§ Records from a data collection
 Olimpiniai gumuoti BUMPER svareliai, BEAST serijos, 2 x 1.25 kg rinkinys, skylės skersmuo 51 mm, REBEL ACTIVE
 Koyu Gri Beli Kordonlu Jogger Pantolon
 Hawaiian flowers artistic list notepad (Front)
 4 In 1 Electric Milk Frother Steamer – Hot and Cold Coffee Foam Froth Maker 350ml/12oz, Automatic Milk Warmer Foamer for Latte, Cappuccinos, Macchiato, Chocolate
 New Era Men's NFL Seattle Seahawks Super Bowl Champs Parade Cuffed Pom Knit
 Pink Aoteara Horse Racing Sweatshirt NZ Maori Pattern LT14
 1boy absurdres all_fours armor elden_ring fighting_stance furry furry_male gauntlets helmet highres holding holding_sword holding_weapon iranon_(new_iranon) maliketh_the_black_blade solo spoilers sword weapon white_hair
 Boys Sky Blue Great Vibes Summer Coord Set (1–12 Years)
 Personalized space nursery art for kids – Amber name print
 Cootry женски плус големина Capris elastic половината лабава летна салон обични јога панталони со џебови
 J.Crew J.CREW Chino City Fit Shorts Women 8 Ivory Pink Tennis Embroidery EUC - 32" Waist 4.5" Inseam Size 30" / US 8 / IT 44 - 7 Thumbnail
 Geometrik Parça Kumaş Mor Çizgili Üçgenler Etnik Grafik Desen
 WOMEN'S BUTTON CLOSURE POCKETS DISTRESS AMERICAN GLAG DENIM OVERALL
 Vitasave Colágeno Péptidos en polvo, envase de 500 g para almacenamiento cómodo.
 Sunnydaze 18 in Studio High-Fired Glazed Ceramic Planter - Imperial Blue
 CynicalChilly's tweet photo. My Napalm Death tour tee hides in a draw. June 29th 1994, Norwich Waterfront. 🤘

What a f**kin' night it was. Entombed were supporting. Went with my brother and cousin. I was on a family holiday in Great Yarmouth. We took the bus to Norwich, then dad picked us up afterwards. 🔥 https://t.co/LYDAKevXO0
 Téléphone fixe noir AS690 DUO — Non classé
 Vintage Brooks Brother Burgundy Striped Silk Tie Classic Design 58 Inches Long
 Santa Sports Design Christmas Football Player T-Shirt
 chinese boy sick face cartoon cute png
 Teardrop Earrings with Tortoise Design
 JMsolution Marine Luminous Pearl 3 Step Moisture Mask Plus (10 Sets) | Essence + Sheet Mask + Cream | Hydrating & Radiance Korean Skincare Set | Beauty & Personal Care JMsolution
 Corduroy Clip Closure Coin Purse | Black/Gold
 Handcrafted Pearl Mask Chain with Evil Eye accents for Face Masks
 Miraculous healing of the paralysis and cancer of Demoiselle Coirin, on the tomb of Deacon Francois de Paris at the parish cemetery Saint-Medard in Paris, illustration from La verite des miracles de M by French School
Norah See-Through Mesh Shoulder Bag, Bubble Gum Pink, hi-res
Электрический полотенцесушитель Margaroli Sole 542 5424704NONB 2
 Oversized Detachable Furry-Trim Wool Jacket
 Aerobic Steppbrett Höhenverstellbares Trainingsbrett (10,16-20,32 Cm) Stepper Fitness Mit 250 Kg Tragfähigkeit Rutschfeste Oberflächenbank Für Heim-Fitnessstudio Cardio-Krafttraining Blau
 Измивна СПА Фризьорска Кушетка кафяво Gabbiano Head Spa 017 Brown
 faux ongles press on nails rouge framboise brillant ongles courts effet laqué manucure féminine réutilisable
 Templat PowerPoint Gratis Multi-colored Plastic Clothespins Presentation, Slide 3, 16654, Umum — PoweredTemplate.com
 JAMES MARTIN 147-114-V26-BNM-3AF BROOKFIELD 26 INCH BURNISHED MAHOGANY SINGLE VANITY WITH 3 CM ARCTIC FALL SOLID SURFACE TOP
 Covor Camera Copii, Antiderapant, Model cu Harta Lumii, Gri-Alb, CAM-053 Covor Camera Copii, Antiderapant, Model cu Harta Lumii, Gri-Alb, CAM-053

§ Work item
The answer must be a word-for-word transcription of every record above.

§ Exercise solution
 Olimpiniai gumuoti BUMPER svareliai, BEAST serijos, 2 x 1.25 kg rinkinys, skylės skersmuo 51 mm, REBEL ACTIVE
 Koyu Gri Beli Kordonlu Jogger Pantolon
 Hawaiian flowers artistic list notepad (Front)
 4 In 1 Electric Milk Frother Steamer – Hot and Cold Coffee Foam Froth Maker 350ml/12oz, Automatic Milk Warmer Foamer for Latte, Cappuccinos, Macchiato, Chocolate
 New Era Men's NFL Seattle Seahawks Super Bowl Champs Parade Cuffed Pom Knit
 Pink Aoteara Horse Racing Sweatshirt NZ Maori Pattern LT14
 1boy absurdres all_fours armor elden_ring fighting_stance furry furry_male gauntlets helmet highres holding holding_sword holding_weapon iranon_(new_iranon) maliketh_the_black_blade solo spoilers sword weapon white_hair
 Boys Sky Blue Great Vibes Summer Coord Set (1–12 Years)
 Personalized space nursery art for kids – Amber name print
 Cootry женски плус големина Capris elastic половината лабава летна салон обични јога панталони со џебови
 J.Crew J.CREW Chino City Fit Shorts Women 8 Ivory Pink Tennis Embroidery EUC - 32" Waist 4.5" Inseam Size 30" / US 8 / IT 44 - 7 Thumbnail
 Geometrik Parça Kumaş Mor Çizgili Üçgenler Etnik Grafik Desen
 WOMEN'S BUTTON CLOSURE POCKETS DISTRESS AMERICAN GLAG DENIM OVERALL
 Vitasave Colágeno Péptidos en polvo, envase de 500 g para almacenamiento cómodo.
 Sunnydaze 18 in Studio High-Fired Glazed Ceramic Planter - Imperial Blue
 CynicalChilly's tweet photo. My Napalm Death tour tee hides in a draw. June 29th 1994, Norwich Waterfront. 🤘

What a f**kin' night it was. Entombed were supporting. Went with my brother and cousin. I was on a family holiday in Great Yarmouth. We took the bus to Norwich, then dad picked us up afterwards. 🔥 https://t.co/LYDAKevXO0
 Téléphone fixe noir AS690 DUO — Non classé
 Vintage Brooks Brother Burgundy Striped Silk Tie Classic Design 58 Inches Long
 Santa Sports Design Christmas Football Player T-Shirt
 chinese boy sick face cartoon cute png
 Teardrop Earrings with Tortoise Design
 JMsolution Marine Luminous Pearl 3 Step Moisture Mask Plus (10 Sets) | Essence + Sheet Mask + Cream | Hydrating & Radiance Korean Skincare Set | Beauty & Personal Care JMsolution
 Corduroy Clip Closure Coin Purse | Black/Gold
 Handcrafted Pearl Mask Chain with Evil Eye accents for Face Masks
 Miraculous healing of the paralysis and cancer of Demoiselle Coirin, on the tomb of Deacon Francois de Paris at the parish cemetery Saint-Medard in Paris, illustration from La verite des miracles de M by French School
Norah See-Through Mesh Shoulder Bag, Bubble Gum Pink, hi-res
Электрический полотенцесушитель Margaroli Sole 542 5424704NONB 2
 Oversized Detachable Furry-Trim Wool Jacket
 Aerobic Steppbrett Höhenverstellbares Trainingsbrett (10,16-20,32 Cm) Stepper Fitness Mit 250 Kg Tragfähigkeit Rutschfeste Oberflächenbank Für Heim-Fitnessstudio Cardio-Krafttraining Blau
 Измивна СПА Фризьорска Кушетка кафяво Gabbiano Head Spa 017 Brown
 faux ongles press on nails rouge framboise brillant ongles courts effet laqué manucure féminine réutilisable
 Templat PowerPoint Gratis Multi-colored Plastic Clothespins Presentation, Slide 3, 16654, Umum — PoweredTemplate.com
 JAMES MARTIN 147-114-V26-BNM-3AF BROOKFIELD 26 INCH BURNISHED MAHOGANY SINGLE VANITY WITH 3 CM ARCTIC FALL SOLID SURFACE TOP
 Covor Camera Copii, Antiderapant, Model cu Harta Lumii, Gri-Alb, CAM-053 Covor Camera Copii, Antiderapant, Model cu Harta Lumii, Gri-Alb, CAM-053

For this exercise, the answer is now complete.